The narrowness of the market’s advance remains the story as gains were again fueled primarily by a handful of domestic mega-cap technology+ stocks riding the initial wave of artificial intelligence (AI) spending.  Other than M&C’s Global Tactical Allocation Model’s allocation to large cap growth (largest contributor to performance), most asset classes struggled during the quarter.  Continued outperformance by such a narrow group while more cyclical allocations, and small caps (largest detractor to performance) in particular, continue to lag is a sign that investors believe we are late in the economic cycle.  However, we are projecting a convergence of earnings growth between large US secular growth stocks and the rest of the market in the second half of the year.  We are also anticipating at least one, and possibly two, 25 basis point rate cuts by the Federal Reserve (“Fed”) before the end of the year.  If these indeed materialize, and we achieve a “soft landing,” we would expect the market’s performance to broaden out and the strategy’s diversification to drive strong absolute and relative returns.

While we’ve been positioned for broader asset class participation, we took additional steps during the quarter to increase our equity exposure.  We reduced the duration in the fixed income allocation after rates moved to the low end of their recent trading range by trimming our long bond allocation.    We used part of the proceeds from the fixed income sale to add to our developed international equity allocation.  We are expecting a strong rebound in earnings this calendar year, in line with domestic earnings growth, but with a more compelling absolute and relative valuation profile.  The balance of the fixed income proceeds were used to increase our position in the S&P 500 equal weight allocation.  As mentioned above, we are expecting a divergence in earnings growth during the second half which should disproportionately benefit the “average” stock in the S&P 500.  Similar to developed international, the equal weight index trades at a compelling valuation discount to its cap weighted counterpart.  In addition, we trimmed our position in health care, which is more defensive, and used those proceeds to increase the allocation to large cap growth, which still has a very visible and strong earnings growth profile.  If we are indeed embarking on a global easing cycle, defensive issues may be relatively challenged – and in an election year, pressures to reduce health care costs/drug prices and increased regulatory scrutiny in general may be a headwind for health care stocks.

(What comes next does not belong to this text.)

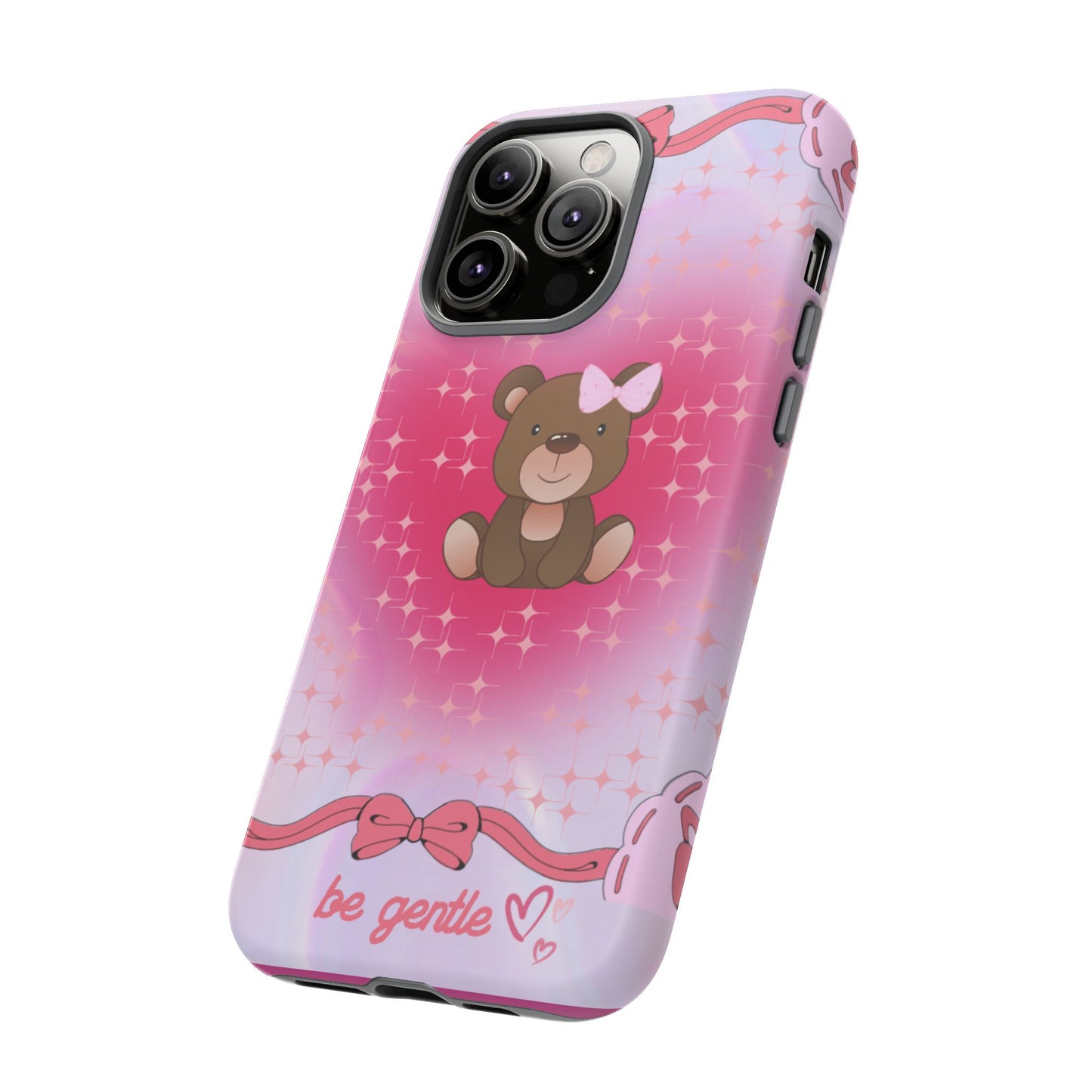 Cute Bear iPhone Case - 'Be Gentle' Design for Kids & Animal Lovers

In the U.S., the economy continues to grow, but we have seen some signs of moderation. We believe this reflects the lagged effects of the Fed’s tightening, although we are still expecting growth in both the economy and corporate profits in 2024. Developed international markets continue to experience strong growth and, by comparison to domestic markets, have attractive valuations. Central banks have the flexibility if needed as well to reduce rates. We are comfortable with the positioning and balance within the portfolio and believe this will serve clients well as we move into the second half of the year.